Llegó el papel listado del ordenador. Damon entregó los documentos a Jacoby para que los revisara. Jacoby señaló las líneas donde debían firmar y pasó el expediente a Talley, el cual lo cogió como si fuera algo precioso.
—Señor Talley —dijo Damon, levantándose y, siguiendo un impulso, le ofreció la mano. Era como una compensación por el disgusto que sentía. El joven sondista se levantó y la estrechó, con una expresión de gratitud—. ¿Existe la posibilidad, aunque sea muy remota, de que posea usted una información que desea eliminar de su cerebro? ¿Es ése el motivo por el que hace esto? Le advierto que durante el tratamiento es probable que aflore. Y eso no nos interesa, ¿comprende? No tenemos intereses militares.

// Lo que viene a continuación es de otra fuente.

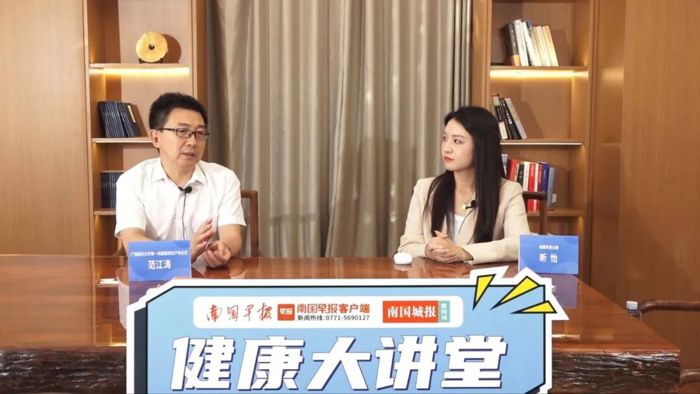 50%的女性中招！专家直播答疑，“女性第一瘤”没那么可怕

Aquel no era el motivo. Dudaba mucho de que pudiera serlo. El muchacho no era un oficial de alto rango, como él mismo, que conociera las señales computarizadas y tuviera acceso a los códigos. La clase de cosas que un enemigo no debe poseer. Nadie había descubierto algo así en aquel hombre… nada de valor, ni allí ni en Russell.

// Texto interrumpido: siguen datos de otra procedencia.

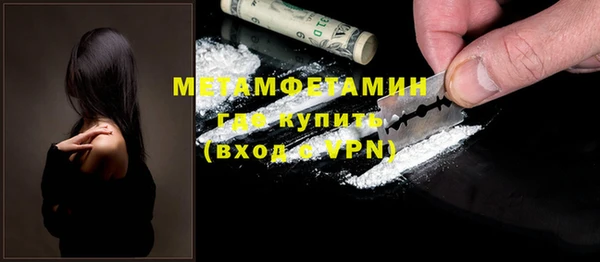 наркотики Сясьстрой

—No, no sé nada —afirmó Talley.
Damon vaciló, todavía con escrúpulos de conciencia, con la sensación de que el abogado de Talley, por lo menos, debería protestar, hacer algo más vigoroso, utilizar todas las dilaciones permitidas por la ley en beneficio de Talley. Pero aquello le llevaba a la prisión, no le daba esperanza alguna. Estaban alojando a delincuentes en la sección de cuarentena, mucho más peligrosos, hombres que podrían conocerle, si Talley estaba en lo cierto. La Corrección le salvaría, le haría salir de allí, le daría la oportunidad de un trabajo, de libertad, de una nueva vida. Ninguna persona en su sano juicio se vengaría de alguien que ha sufrido un lavado de cerebro. Y el procedimiento era incruento, humano. Siempre se había pretendido que lo fuera.